Here are several best practices for how to work best with your CPA:
Ask about big decisions. If you are considering expanding your business, selling your business, or buying or selling a significant asset, call your CPA to discuss how to proceed in the most tax-efficient manner. Your CPA is aware of ways to structure purchases or sales to take advantage of current tax law. Making such decisions without the CPA’s input can result in lost opportunities for savings, either now or in the future.
The same is true for family decisions. If you are getting married or divorced, having or adopting children, hiring or firing relatives, or making philanthropic decisions, talk things over with your CPA. He or she can serve as a sounding board, assist with planning, and help guide these decisions in a financially responsible manner. As always, the earlier you get your CPA involved in these decisions, the better.
Ask about not-so-big decisions. Your CPA is eager to help you—even if it’s not specifically in the accounting or finance arena.
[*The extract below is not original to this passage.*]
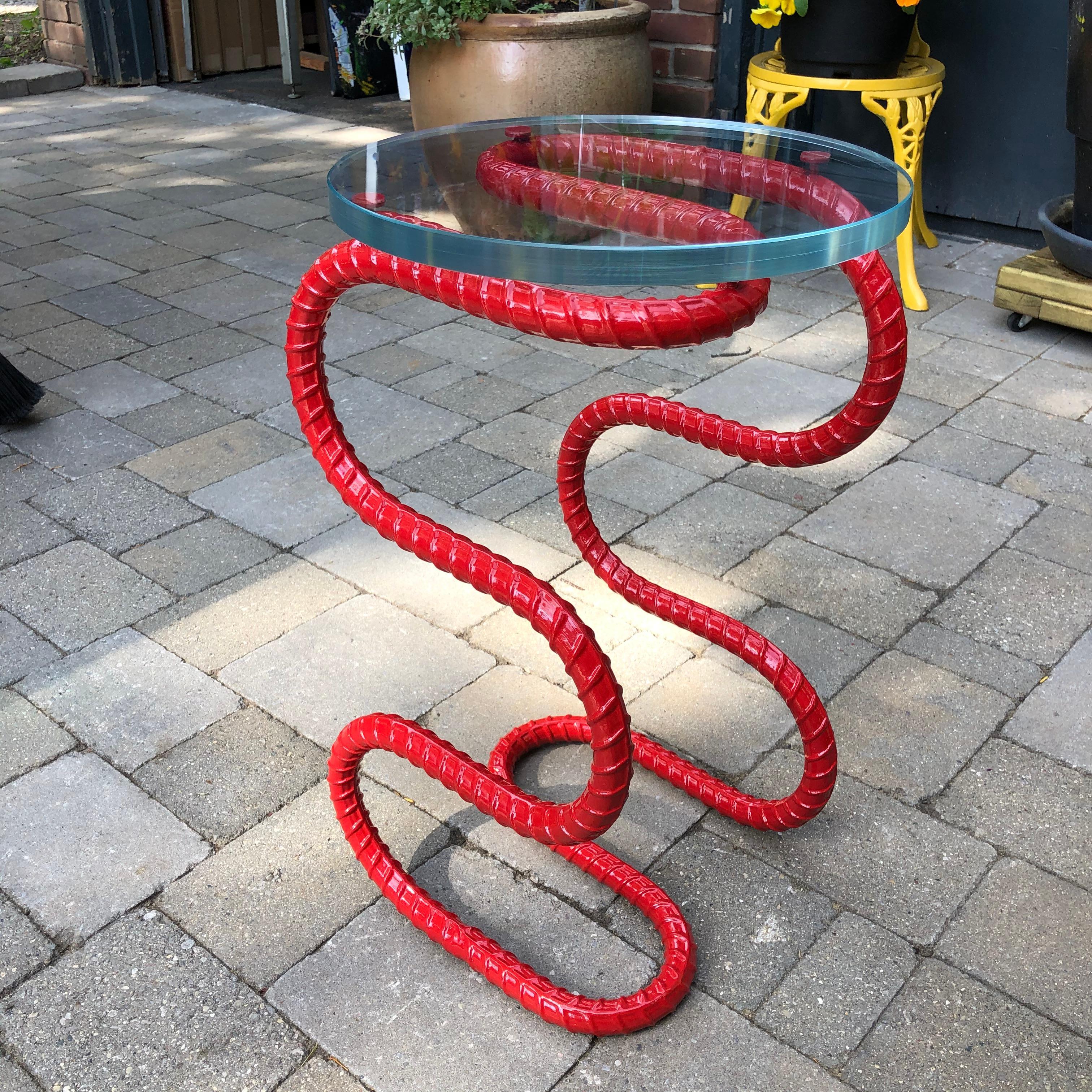 The Cobra side table is part of the Rebar series created by artist Troy Smith. Rebar is the steel used in the forming of concrete to give it strength. Rebar is heated with acetylene torches and red-hot forges, skillfully sculpted by hand and with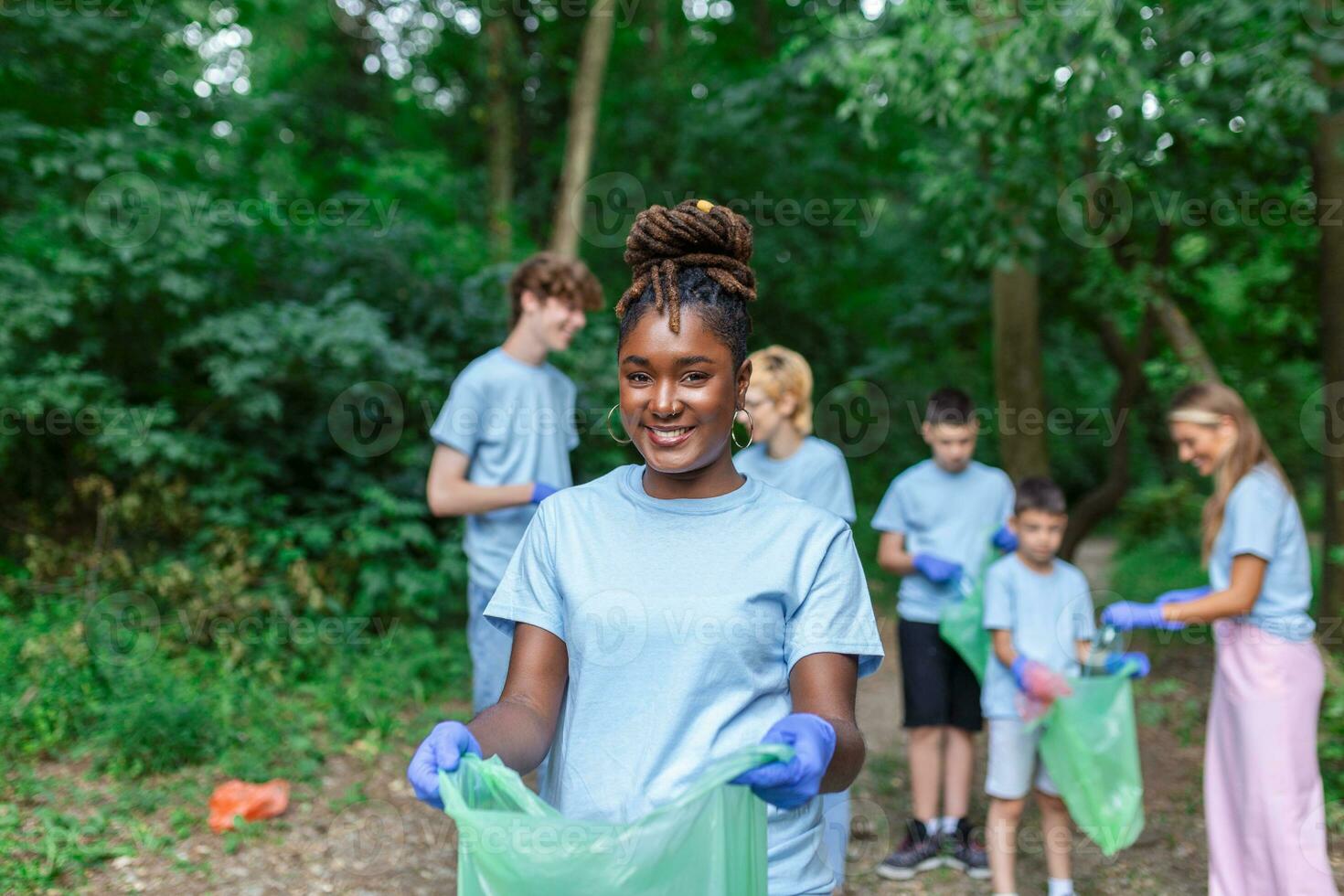 Volunteers collecting garbage from park, environmental awareness is important to save our planet photo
Because he or she serves many clients in different industries, your CPA is exposed to expertise in a variety of disciplines, from technology to cybersecurity to personnel and marketing.
Your CPA might know the answer you’re seeking, but if not, he or she can likely refer you to just the right person to address your concern or curiosity.
Ask about tax and regulatory issues. Tax law and regulatory changes can have a major impact on your business, compensation structure, and estate planning. Your CPA is the best resource for the latest information about how tax and regulatory updates affect you—and what you can do to mitigate any negative impact.
Review important documents. In addition to having your attorney draft and review important documents, have your CPA review them, too. These documents include such items as corporate bylaws and insurance policies, as well as non-compete, equity compensation, employee, and prenuptial agreements. Your CPA can weigh in on how these agreements and policies can be best structured in light of your specific business and family financial circumstances.
Don’t hide. To paraphrase the iconic Las Vegas slogan, “What happens in your CPA’s office stays in your CPA’s office.” Your CPA has seen and heard it all, so don’t be afraid to share with him or her what you might consider to be silly questions, questionable decisions, or difficult circumstances.
For example, if you or a family member has substance abuse or addiction problems that might affect your business or estate, tell your CPA. If you’ve generated unwanted debt, made a bad business deal, or created a problematic family situation, tell your CPA. He or she will not be surprised or judgmental. In fact, your CPA can likely assist you in managing the fallout of these circumstances and perhaps provide insight and guidance as to how to handle them in the future.
Remember, your CPA is your ally and trusted advisor. Working closely with your CPA is the best way to protect your assets and plan for your financial future.